When The Brothers Karamazov first appeared, it stirred the
intellectual community of Russia like no other work before or
since. Readers of all backgrounds rushed to hail Dostoevsky's
genius and his compelling novel of good and evil, and the book
later hurtled to international renown as translations appeared in
language after language. Devotees from Freud to Sartre have been
caught up by its engrossing plot of parricide, which intertwines
with numerous skillfully woven subplots. These mirror each other in
theme and structure while intricately stitching together a diverse
set of characters, who reflect the rich variety of Russian society.
The famous chapter "The Grand Inquisitor" still draws praise as a
timeless exploration of the problem of evil. In The Brothers
Karamazov: Worlds of the Novel Robin Feuer Miller alerts the reader
to the internal rhymes and resonances of Dostoevsky's complex
masterpiece and illuminates the philosophical and narrative riddles
the novelist continually presents.

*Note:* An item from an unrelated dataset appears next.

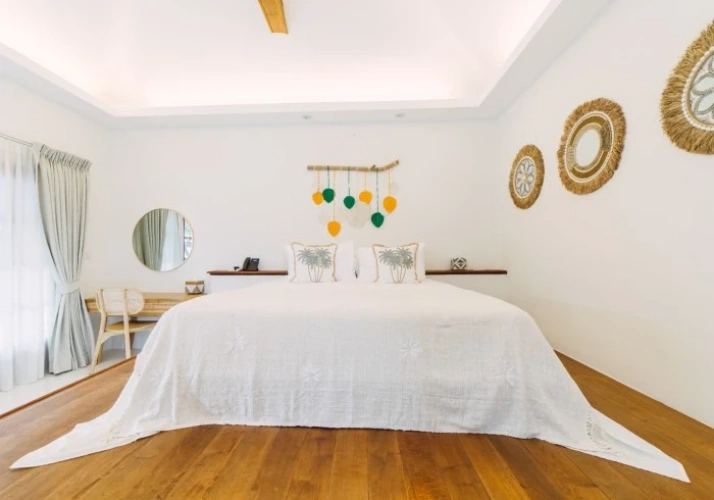 Double Tropical Suite Partial Seaview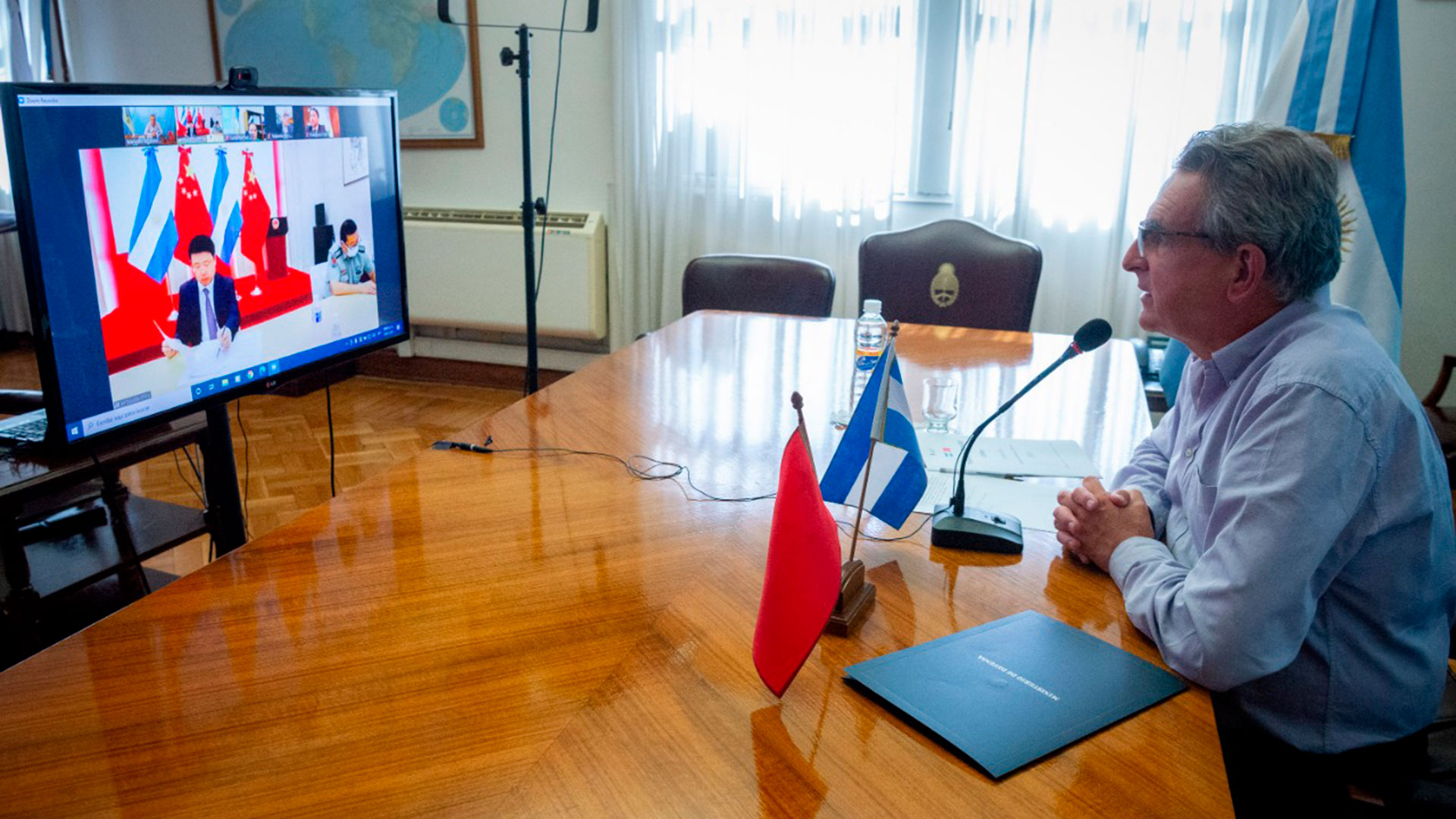 Agustín Rossi mantuvo un encuentro virtual con Zou Xiaoli,embajador de China en Argentina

Her detailed textual and
stylistic analysis lays bare Dostoevsky's artistic and narrative
strategies; among the many issues studied are guilt, parent-child
relationships, and narrative techniques such as parody and comic
foreshadowing of serious themes. An original approach to this
masterwork, Miller's reading unifies seemingly disparate strands of
the novel and clearly demonstrates its brilliance.